***** Material for the task *****

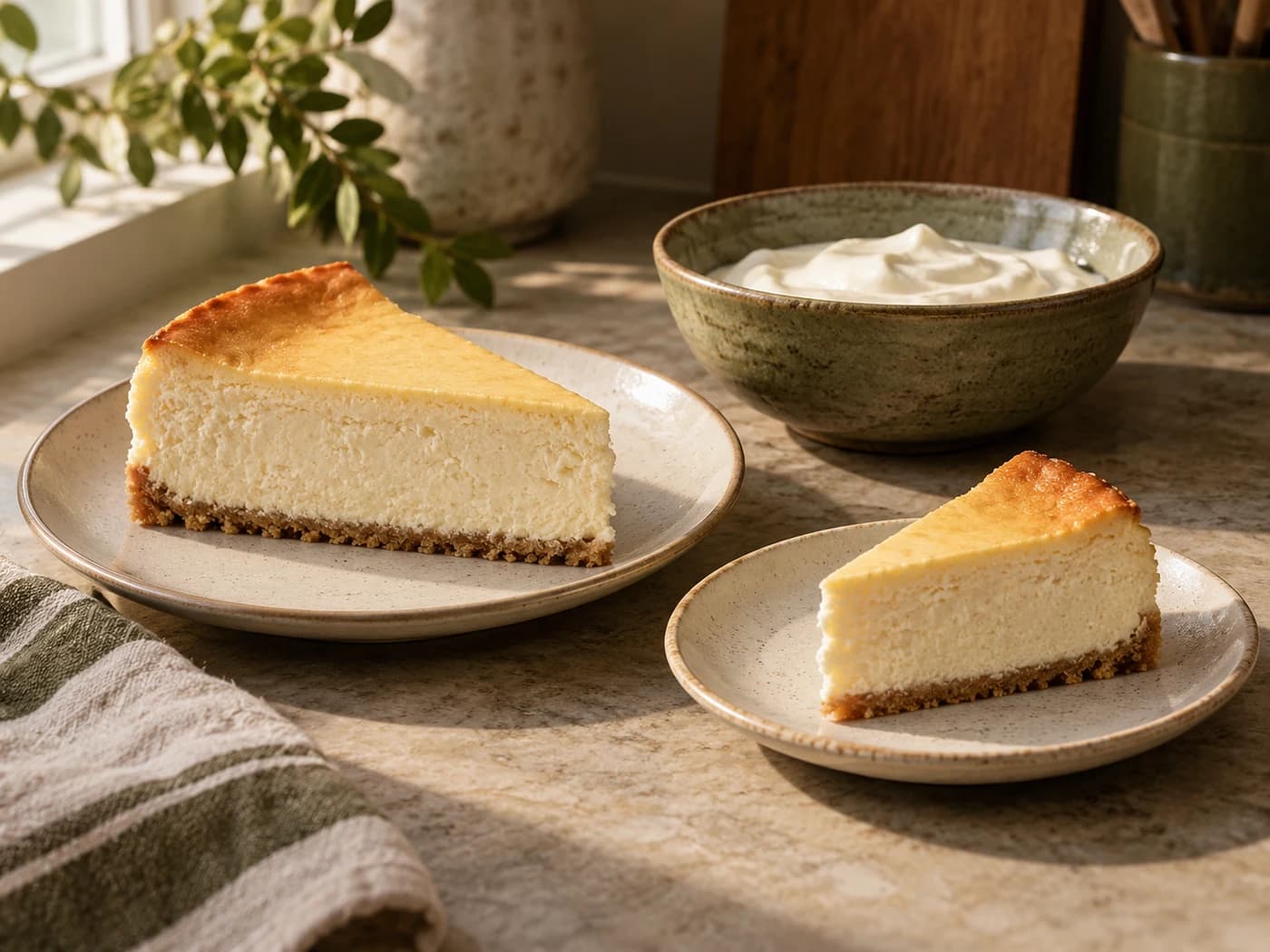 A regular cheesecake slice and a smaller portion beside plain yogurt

*****
***** Material for the task *****

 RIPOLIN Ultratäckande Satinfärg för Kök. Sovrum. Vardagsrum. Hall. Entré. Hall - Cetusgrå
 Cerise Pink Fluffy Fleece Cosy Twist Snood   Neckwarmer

*****

Assigned task: Would you print, exactly as written, every line above from the one holding "RIPOLIN Ultratäckande Satinfärg" through the one holding "Cerise Pink Fluffy", with both included and no other lines?

Output below:
 RIPOLIN Ultratäckande Satinfärg för Kök. Sovrum. Vardagsrum. Hall. Entré. Hall - Cetusgrå
 Cerise Pink Fluffy Fleece Cosy Twist Snood   Neckwarmer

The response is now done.